Anyway, the cars along the way to the front get steadily more bizarre. One is a elementary school classroom where the children sing in unison about what happens if the train stops: "We all freeze and die!" they cheerily shout.
The ending makes you remember viscerally that the director is not American. But, really, if your idea of the survival of the human species is to perpetually ride a train, the game may already be lost.
Days before we watched Snowpiercer I told Corrie about it. At the end of the week she said, "Oh, we should watch that movie Snowtrain." She has an adorable habit of changing the names of movies to be more descriptive titles than actual names, especially if the name is cryptic.
I believe it's because she simply doesn't care that much. Cowboys and Aliens, a generally lame movie but with a title that is a play on "cowboys and Indians", to Corrie becomes the more appropriately titled Cowboys vs Aliens. Movies just aren't things that for her are worth much brain power outside of the experience and our conversations about it directly after the fact.
She sees subplots and generally what the director's up to; she understands foreshadowing and the elements that make the moving-picture experience pleasurable, she just doesn't really care that much. There's too much other real shit in the world going on to be concerned with movies.
In one minute Corrie can talk about the forced and characteristic whimsy in The Grand Budapest Hotel and relate it to a grand scheme of Wes Anderson's views on family that seem to stitch his movies together...

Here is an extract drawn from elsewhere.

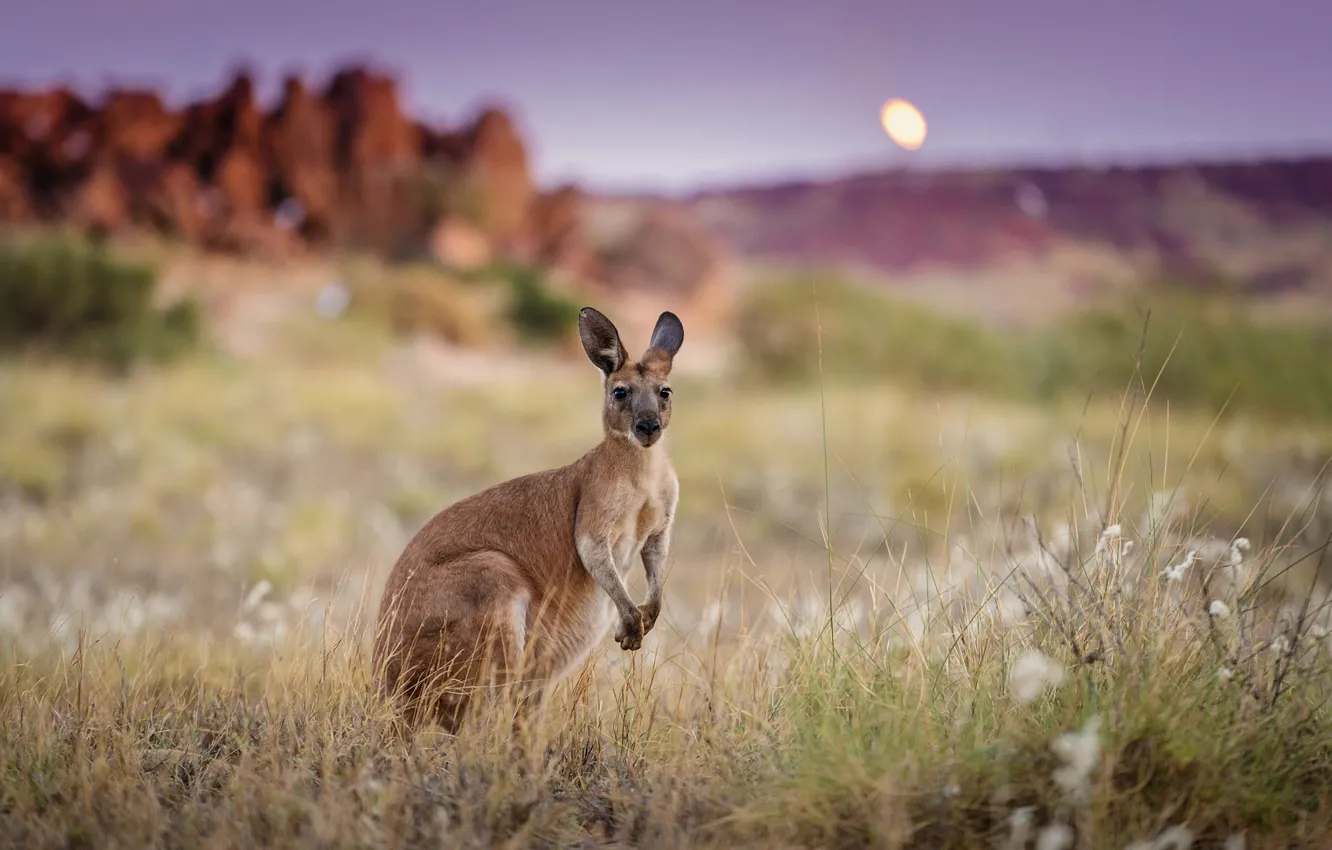 Photo wallpaper morning, Australia, kangaroo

...and in the next minute tell someone, "Oh, we went to go see the new Star Wars movie," when in reality she's referring to Star Trek Into Darkness. For her, it's in space, there's a battle, or conflict, or something...so Space War? No that's not a thing...Star Wars, yeah, that's a thing...
She's funny. We were just talking about it the other day:
Me: It's like when you told Adrian about seeing Star Wars last year...
Her: Whatever. I know the difference. One has Jean-Luc and one has Luke and Leia. See? They're both in space, so...meh....
Me: (Laughing) What we went to see didn't have any of those people...
She does, though, pay attention to me when I talk about nerdy things, so she's pretty well versed on the intricacies if you pressed her. Same with sports. She knows more about A-Rod's contract status than any baseball-hating wife non-fan probably should.